(Dataset items)
⟨
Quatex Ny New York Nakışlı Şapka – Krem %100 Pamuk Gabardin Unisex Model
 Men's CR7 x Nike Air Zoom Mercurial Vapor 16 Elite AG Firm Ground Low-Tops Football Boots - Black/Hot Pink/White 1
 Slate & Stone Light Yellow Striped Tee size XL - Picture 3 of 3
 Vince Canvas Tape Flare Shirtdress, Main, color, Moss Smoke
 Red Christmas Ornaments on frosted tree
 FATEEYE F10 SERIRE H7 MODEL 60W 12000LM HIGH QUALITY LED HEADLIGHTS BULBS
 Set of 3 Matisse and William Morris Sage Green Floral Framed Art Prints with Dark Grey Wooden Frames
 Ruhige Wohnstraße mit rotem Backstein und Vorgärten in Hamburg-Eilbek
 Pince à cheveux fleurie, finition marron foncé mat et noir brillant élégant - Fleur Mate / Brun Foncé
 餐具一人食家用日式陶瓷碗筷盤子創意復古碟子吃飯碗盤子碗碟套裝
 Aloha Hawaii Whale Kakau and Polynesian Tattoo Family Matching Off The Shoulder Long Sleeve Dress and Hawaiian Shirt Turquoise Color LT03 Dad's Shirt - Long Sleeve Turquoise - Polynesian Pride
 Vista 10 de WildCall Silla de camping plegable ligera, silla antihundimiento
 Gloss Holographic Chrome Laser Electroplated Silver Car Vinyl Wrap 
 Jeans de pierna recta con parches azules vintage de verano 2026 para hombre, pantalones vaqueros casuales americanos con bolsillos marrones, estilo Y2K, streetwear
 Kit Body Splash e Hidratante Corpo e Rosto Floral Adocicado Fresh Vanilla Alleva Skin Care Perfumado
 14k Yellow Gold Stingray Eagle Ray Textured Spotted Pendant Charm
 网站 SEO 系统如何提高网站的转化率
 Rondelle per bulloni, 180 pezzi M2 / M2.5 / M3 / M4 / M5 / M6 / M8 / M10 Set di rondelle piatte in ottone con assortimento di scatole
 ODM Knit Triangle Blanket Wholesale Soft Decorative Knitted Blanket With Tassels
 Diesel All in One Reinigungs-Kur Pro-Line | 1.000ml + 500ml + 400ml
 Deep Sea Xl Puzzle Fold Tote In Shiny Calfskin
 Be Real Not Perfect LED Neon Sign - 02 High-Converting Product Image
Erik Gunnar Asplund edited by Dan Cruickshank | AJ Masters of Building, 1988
⟩
Return, exactly as they stand, the lines from the start of the records above through the line with "Ruhige Wohnstraße mit", both ends included, and no other lines.

Written reply:
Quatex Ny New York Nakışlı Şapka – Krem %100 Pamuk Gabardin Unisex Model
 Men's CR7 x Nike Air Zoom Mercurial Vapor 16 Elite AG Firm Ground Low-Tops Football Boots - Black/Hot Pink/White 1
 Slate & Stone Light Yellow Striped Tee size XL - Picture 3 of 3
 Vince Canvas Tape Flare Shirtdress, Main, color, Moss Smoke
 Red Christmas Ornaments on frosted tree
 FATEEYE F10 SERIRE H7 MODEL 60W 12000LM HIGH QUALITY LED HEADLIGHTS BULBS
 Set of 3 Matisse and William Morris Sage Green Floral Framed Art Prints with Dark Grey Wooden Frames
 Ruhige Wohnstraße mit rotem Backstein und Vorgärten in Hamburg-Eilbek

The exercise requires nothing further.